Indian J Crit Care Med. 2018 Nov;22(11):806-808. doi: 10.4103/ijccm.IJCCM_343_18.
Cardiogenic pulmonary edema usually presents with characteristic clinical features and bilateral infiltrates on the chest radiograph. Rarely, pulmonary edema may manifest unilaterally, leading to a mistaken diagnosis of a primary lung pathology. We present a 30-year-old man who developed acute coronary syndrome following an overdose of alprazolam. He developed breathlessness with unilateral infiltrates on the chest radiograph. Echocardiography revealed regional wall motion abnormalities related to underlying ischemia and acute mitral regurgitation with an eccentric jet. Besides, he had significant impairment of left ventricular systolic function. His coronary angiogram revealed a slow-flow phenomenon in the right coronary and left anterior descending artery territories. Ischemia-related dysfunction of the posterolateral papillary muscle probably led to a floppy posterior mitral leaflet and an eccentrically directed regurgitant jet, leading to unilateral pulmonary edema. He was commenced on dual antiplatelet therapy, heparin infusion, atorvastatin, frusemide, and ramipril, following which he showed gradual clinical improvement along with resolution of the radiological infiltrates. His left ventricular function improved, and the mitral valve function normalized on echocardiography within a week.

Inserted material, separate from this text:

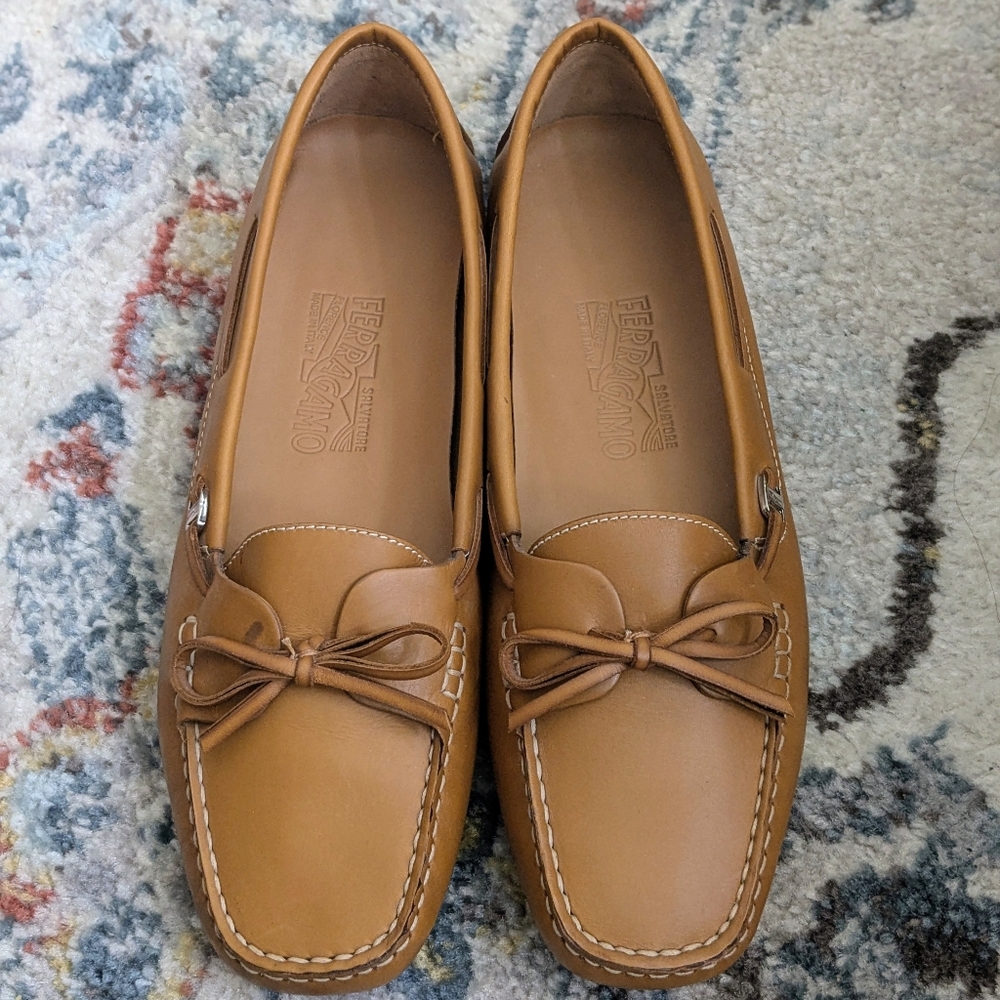 Salvatore Ferragamo Leather Boat Shoes - 9B - Picture 4 of 9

心源性肺水肿通常表现为特征性临床症状及胸部X线片显示双侧浸润影。肺水肿很少单侧出现,从而导致误诊为原发性肺部疾病。我们报告一名30岁男性,在过量服用阿普唑仑后发生急性冠状动脉综合征。他出现呼吸困难,胸部X线片显示单侧浸润影。超声心动图显示与潜在缺血相关的节段性室壁运动异常以及伴有偏心反流束的急性二尖瓣反流。此外,他的左心室收缩功能严重受损。其冠状动脉造影显示右冠状动脉和左前降支动脉区域存在血流缓慢现象。后外侧乳头肌的缺血相关功能障碍可能导致二尖瓣后叶脱垂及偏心反流束,进而导致单侧肺水肿。他开始接受双联抗血小板治疗、肝素输注、阿托伐他汀、呋塞米和雷米普利治疗,之后临床症状逐渐改善,放射学浸润影也逐渐消退。一周内,他的左心室功能改善,超声心动图显示二尖瓣功能恢复正常。